A return to the scene of crime is disallowed

Saying he had "grave security concerns," an Anne Arundel County judge yesterday rejected a highly unusual defense request to allow a teenager charged with shooting a Secret Service agent to leave jail to return to the crime scene, Westfield Annapolis mall.

Javaughn Norman Adams, 18, is charged in a 15-count indictment with attempted murder and related counts in the Nov. 18 fracas that police believe was sparked by fights between rival factions of Annapolis teenagers.

His trial is scheduled to begin in October.

Defense lawyers said they expect to take Circuit Judge William C. Mulford II up on his offer to allow them to renew their request if they can justify the need. Videos and diagrams exist, but the defense maintains there is not a single continuous tape showing what happened and that the police investigation leaves questions unanswered.

"You wouldn't buy a house based on a video," Frank C. Gray Jr., one of Adams' lawyers, said after the hearing.

Prosecutors had objected to allowing Adams into the mall, though he would be under guard, saying they could not recall such a request in more than two decades.

"We are trying to keep the defendant out of public places for the next 30 years -- we are not interested in a field trip to the mall," said Deputy State's Attorney William D. Roessler.

Mulford also ordered police to hand over some confidential documents on a former officer and former crime scene technician to lawyers in the case because they might be of use to the defense.

The internal affairs documents do not stem from the shooting, but are from unrelated matters involving former Cpl.
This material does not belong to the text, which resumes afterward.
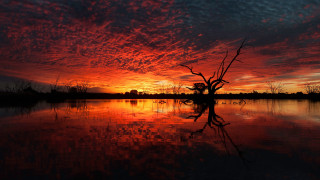 Sunset lake dead tree reflection - dead free wallpaper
Fred Reynolds and former technician Joel Baker, according to county lawyers. Prosecutors declined to coment on the documents, saying the contents would not affect their preparation of the case, in which 32 police officers may be called as witnesses at trial.

Andrea F. Siegel

Activist's home firebombed

City police and fire investigators were seeking the public's help in identifying whoever firebombed the Waverly home of a community activist early yesterday in retalitation for her reporting drug dealings in her neighborhood, an act that forced her to be placed in seclusion, authorities said.
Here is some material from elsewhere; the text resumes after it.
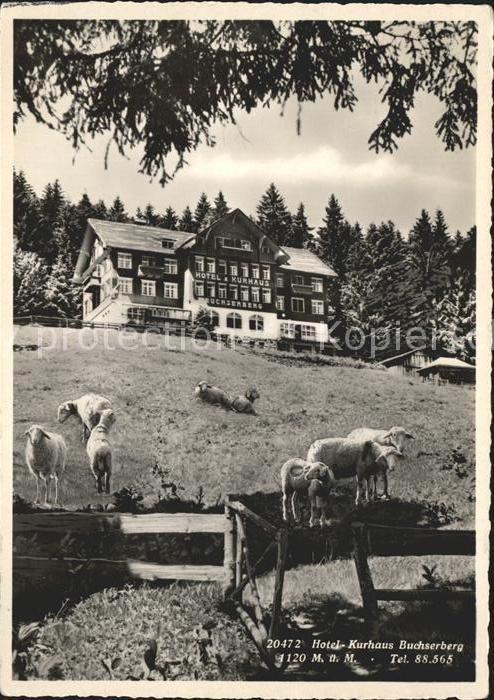 Buchs SG Hotel Kurhaus Buchserberg Schafe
The woman's name and her address were not released.

About 2:30 a.m. yesterday, someone threw a Molotov cocktail onto the woman's front porch that exploded and scorched the exterior of her home and that of a neighbor, authorities said.

There were no injuries, and damage was minor.

Authorities said the firebombing was one of at least two earlier incidents believed aimed at harming the woman or forcing her to move.

In the past two weeks, the woman' car was vandalized and white paint was splashed on her home.

Anyone knowing those responsible is urged to call 911.